Scientists discover a technique by which to collect DNA from the air
A group of researchers has discovered a very interesting novelty regarding the collection of DNA, which does not necessarily have to be done from physical surfaces. Scientists at Queen Mary University of London have shown that it is possible to collect ‘environmental DNA’ (eDNA) from the air. The team used a peristaltic pump combined with pressure filters to take naked mole rat DNA samples for 5-20 minutes. He then used standard kits to find and sequence the genes in the resulting samples. This method not only detected the DNA of the mole rats, but it captured human DNA at the same time.

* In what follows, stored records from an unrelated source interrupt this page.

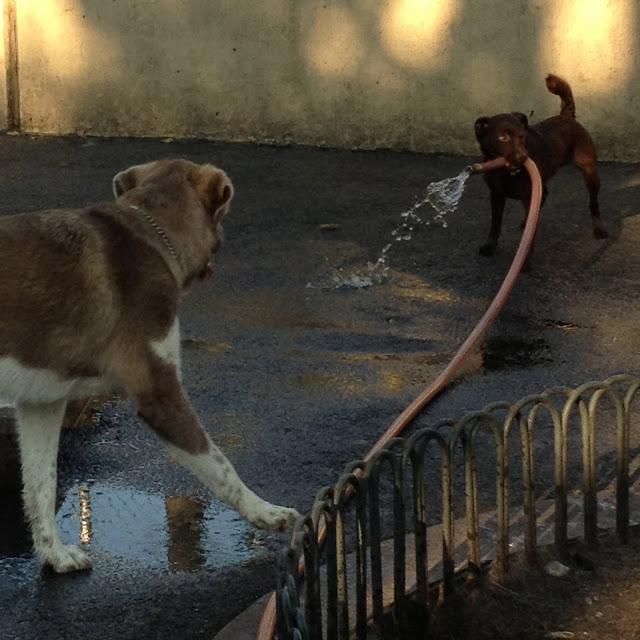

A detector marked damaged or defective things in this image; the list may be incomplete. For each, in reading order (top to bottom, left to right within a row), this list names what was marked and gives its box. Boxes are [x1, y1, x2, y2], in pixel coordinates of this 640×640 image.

rusty metal railing [278, 376, 640, 640]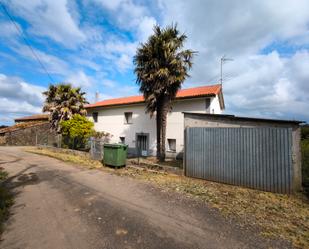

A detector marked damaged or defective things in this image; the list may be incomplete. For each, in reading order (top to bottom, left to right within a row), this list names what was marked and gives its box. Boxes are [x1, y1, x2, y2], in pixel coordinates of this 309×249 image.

rusty corrugated metal wall [184, 127, 292, 194]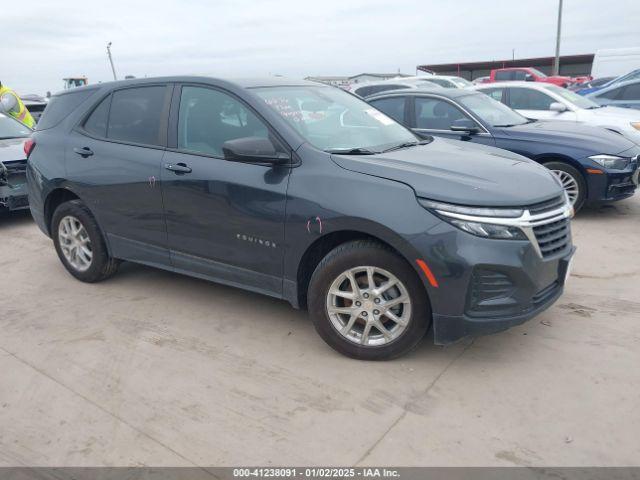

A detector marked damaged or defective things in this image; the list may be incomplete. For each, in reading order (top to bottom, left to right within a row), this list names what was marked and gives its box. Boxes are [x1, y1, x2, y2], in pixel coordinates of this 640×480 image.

cracked pavement [1, 194, 640, 464]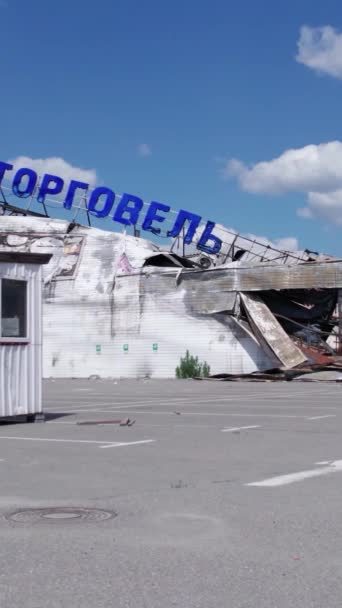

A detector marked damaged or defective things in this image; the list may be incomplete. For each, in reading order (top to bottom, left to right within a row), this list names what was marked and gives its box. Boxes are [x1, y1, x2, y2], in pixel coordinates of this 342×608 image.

damaged facade [0, 214, 340, 376]
burned material [0, 216, 340, 378]
structural damage [0, 215, 340, 380]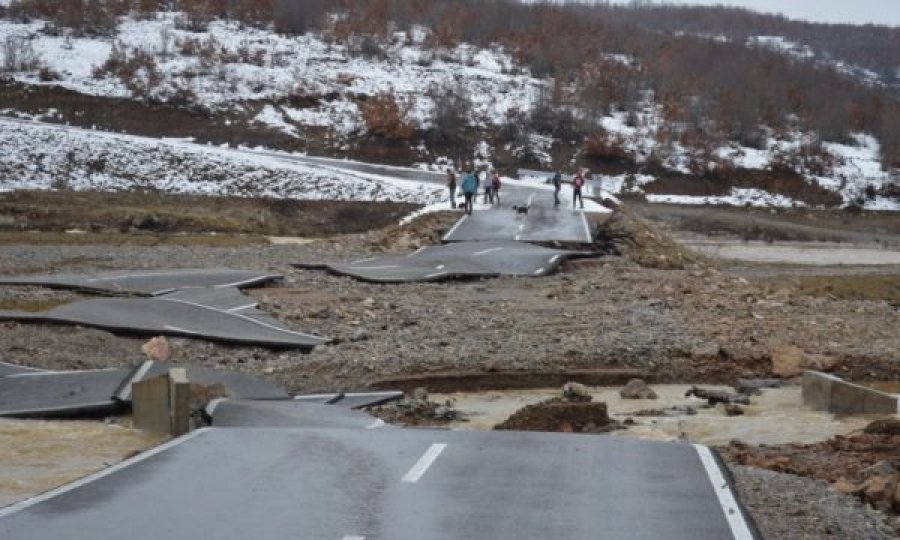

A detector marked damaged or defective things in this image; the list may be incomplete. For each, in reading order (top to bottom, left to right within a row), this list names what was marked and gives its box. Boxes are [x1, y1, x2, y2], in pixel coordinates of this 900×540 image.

Scientists’ discovery of environmental DNA
The lead author, the doctor Elizabeth Claire, said the work was originally meant to help conservationists and ecologists study biological environments. With enough development, however, it could be used for much more. Forensic units could take DNA from the air to determine if a suspect was present at a crime scene. It could also be useful in medicine: virologists and epidemiologists could understand how viruses present in the air spread, as in the case of Covid-19.
However, all practical uses are still a long way off. The research unit is already working with private companies to develop practical applications. It’s easy to see the limitations – you want to use it in areas where you know what to expect from the DNA, so it may not work well in crowded rooms or outdoor spaces. It is therefore necessary to do more in-depth analysis.